Activity:
Although the entries contain pictures, your copy should hold only their exact text.

*** Extracted information Section Begins ***

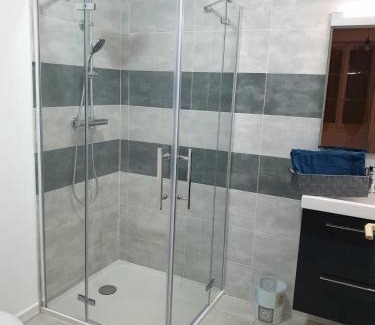 La Real Apartment | Appartement Dali centre historique Perpignan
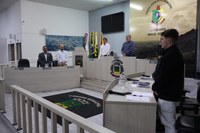 Veja os destaques da 10ª Sessão Ordinária de 2025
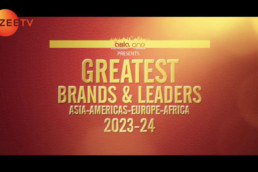 AsiaOne Greatest Brands & Leaders 2023-24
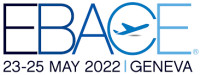 European Business Aviation Convention & Exhibition Geneva 2027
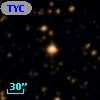 TYC 6566-1737-1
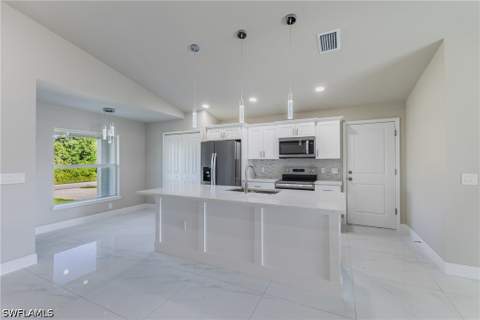 1962 Leghorn St, Lehigh Acres FL - photo 9 of 44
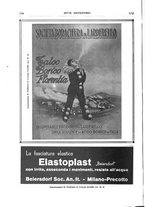 giornale/BVE0242834/1935/unico/00000168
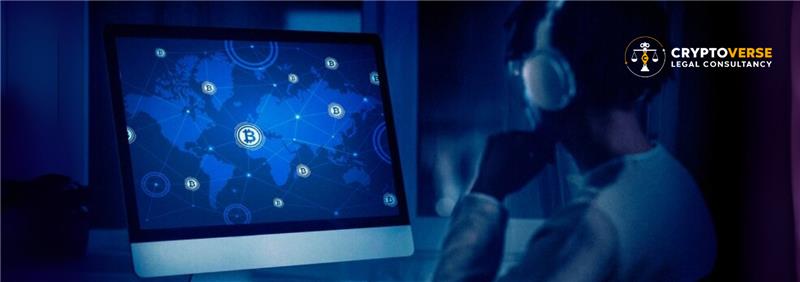 coin launches 24/7 USDC payments
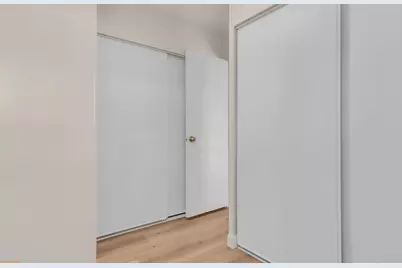 490 Prairie, Cathedral City, CA 92234 - Photo 19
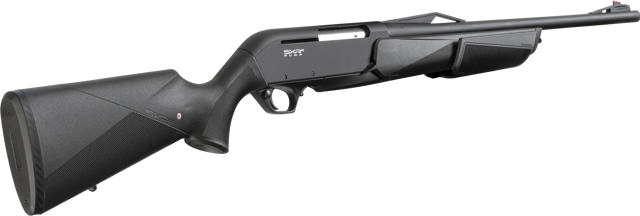Winchester SXR2 Pump Compo Thr. .308 Win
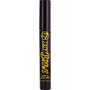 W7 Easy Brows Eyebrow Gel Dark Brown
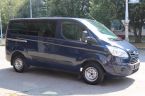 Ford Transit - fotka číslo 7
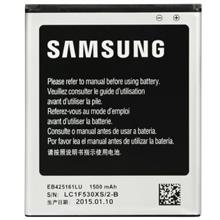 Battery Samsung EB425161LU - EB-L1MFLU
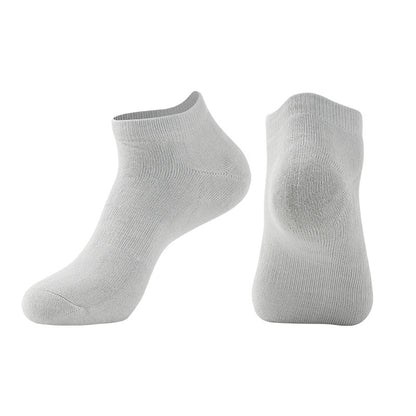 Badminton Baseball Socks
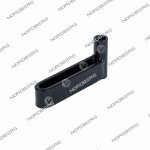 Запчасть кронштейн (№9) для N30057 Запчасть кронштейн (№9) для N30057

*** Extracted information Section Ends ***

Response area:
 La Real Apartment | Appartement Dali centre historique Perpignan
 Veja os destaques da 10ª Sessão Ordinária de 2025
 AsiaOne Greatest Brands & Leaders 2023-24
 European Business Aviation Convention & Exhibition Geneva 2027
 TYC 6566-1737-1
 1962 Leghorn St, Lehigh Acres FL - photo 9 of 44
 giornale/BVE0242834/1935/unico/00000168
 coin launches 24/7 USDC payments
 490 Prairie, Cathedral City, CA 92234 - Photo 19
Winchester SXR2 Pump Compo Thr. .308 Win
 W7 Easy Brows Eyebrow Gel Dark Brown
 Ford Transit - fotka číslo 7
 Battery Samsung EB425161LU - EB-L1MFLU
 Badminton Baseball Socks
 Запчасть кронштейн (№9) для N30057 Запчасть кронштейн (№9) для N30057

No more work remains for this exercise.